Thursday, August 18, 2011

A plan to create jobs NOW.


The stimulus (American Recovery and Reinvestment Act-ARRA) cost $787 billion and created an estimated 3-4 million jobs.  Suppose it was possible to create over 1.5 million new jobs while investing a fraction of what ARRA cost.  There is such a plan.   It was developed by Demos, a non-partisan public policy research and advocacy organization. 

Demos proposes that the federal government “create jobs for the unemployed directly and immediately in public employment programs that produce useful goods and services for the public’s benefit…[such as]…” construction work (e.g., the rehabilitation of abandoned or sub-standard housing), conservation measures (e.g., caulking windows and doors in private dwellings), the construction of new affordable housing units, the improvement of existing public parks, the construction of new parks, and the beautification and maintenance of indoor and out­door public spaces.  The program also could expand and improve the quality of public services in areas such as health care, child care, education, recreation, elder care, and cultural enrichment. Special projects could be undertaken in each of these areas, and existing levels of service delivery could be enhanced. In­stead of being forced to cut public services during a recession, government agencies could offer better services than in non-recessionary periods.”

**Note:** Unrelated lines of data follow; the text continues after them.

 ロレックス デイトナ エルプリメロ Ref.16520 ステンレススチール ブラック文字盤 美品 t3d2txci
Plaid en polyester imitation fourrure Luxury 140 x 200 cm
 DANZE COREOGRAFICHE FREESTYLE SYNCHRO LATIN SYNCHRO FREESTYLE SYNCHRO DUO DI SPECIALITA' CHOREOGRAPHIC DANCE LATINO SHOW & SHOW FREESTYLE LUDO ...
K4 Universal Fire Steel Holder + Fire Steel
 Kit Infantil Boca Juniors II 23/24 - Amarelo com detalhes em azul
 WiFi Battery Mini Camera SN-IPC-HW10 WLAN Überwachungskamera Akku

Eligibility requirements for the jobs program would insure that those in most need of assistance, the long-term unemployed, would receive assistance immediately.  Demos reasons that since these people are in most need of a job and are suffering most economically, they would immediately spend their income.  That spending would have multiplier effect, creating more jobs.

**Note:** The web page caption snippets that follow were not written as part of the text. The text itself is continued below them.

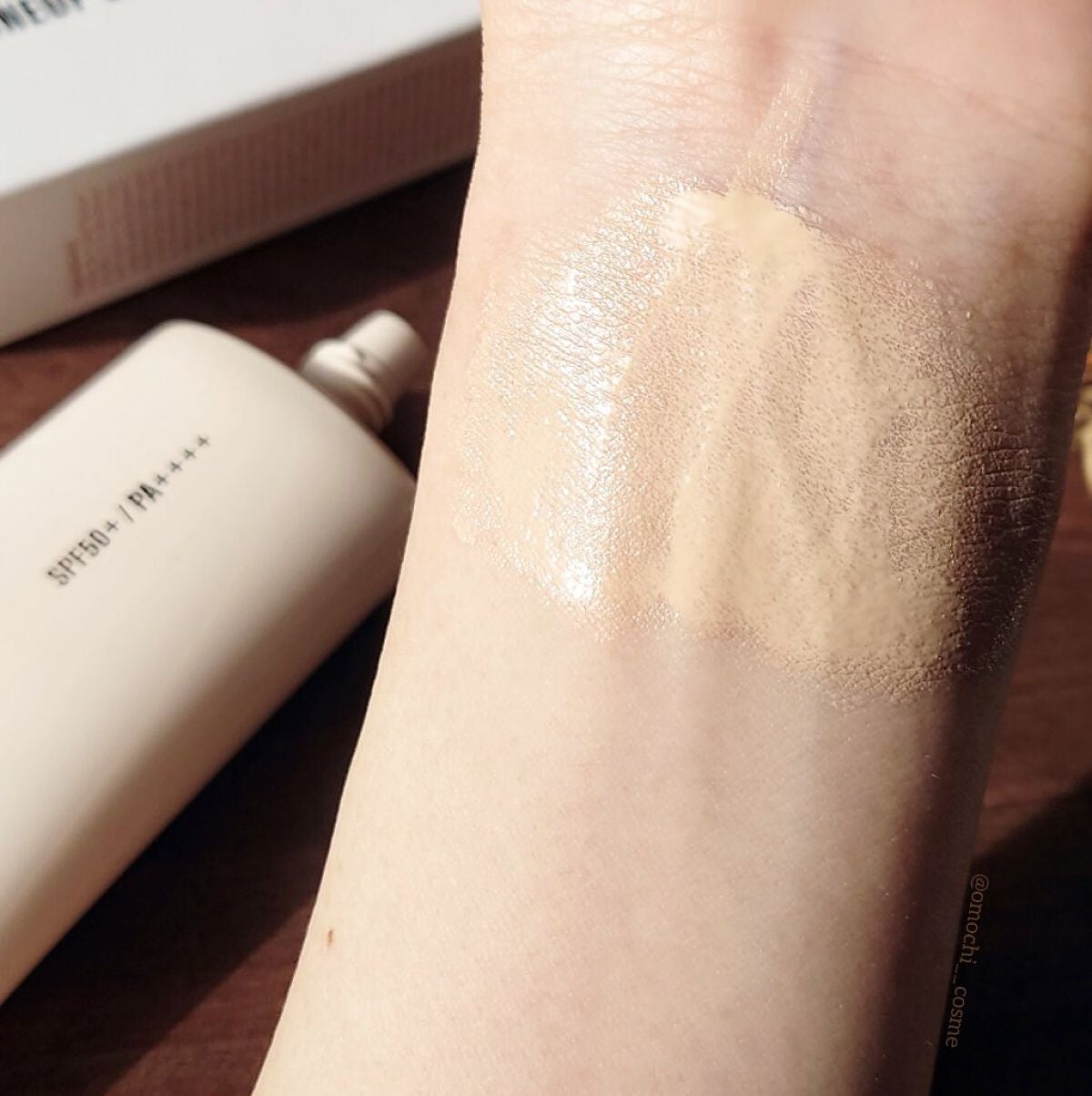 ダーマシンベースフリートーンアップクリーム/23years old/化粧下地を使ったクチコミ(5枚目)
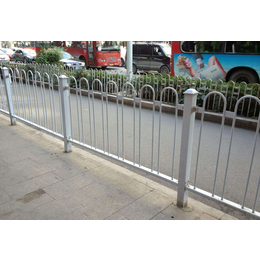 广州人车分流护栏生产厂家 市政道路栏杆 公路中间隔离带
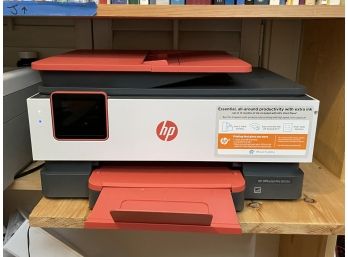 An HP OfficeJet Pro 8035E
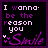 Animated contact sheet of 23 frames showing a text-based buddy icon with changing punctuation and symbols on a black background, featuring repeated phrases in purple and white pixelated font.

Demos estimates that the total jobs program cost for directly creating 1 million jobs would be $46.4 billion per year but that taxes and other government revenue savings generated by the program would reduce the net cost to $28.6 billion.  Additionally, the program would indirectly create another 414,000 jobs.

Demos argues that this program to directly create jobs could be fully funded by simply allowing the Bush tax cuts to expire.  An additional modest stock transfer tax and/or small payroll tax—like the way we fund unemployment insurance—could be established in order to create a trust fund to pay for the program after the first few years. 

This is the kind of plan for creating jobs that we should be considering.  It is immediate, has worked before (in the 1930s), is relatively inexpensive, provides the most benefit to those in most need, has significant multiplier benefits spinning off other job creation, and can be fully funded without placing an increased tax burden on 90%+ of American tax payers.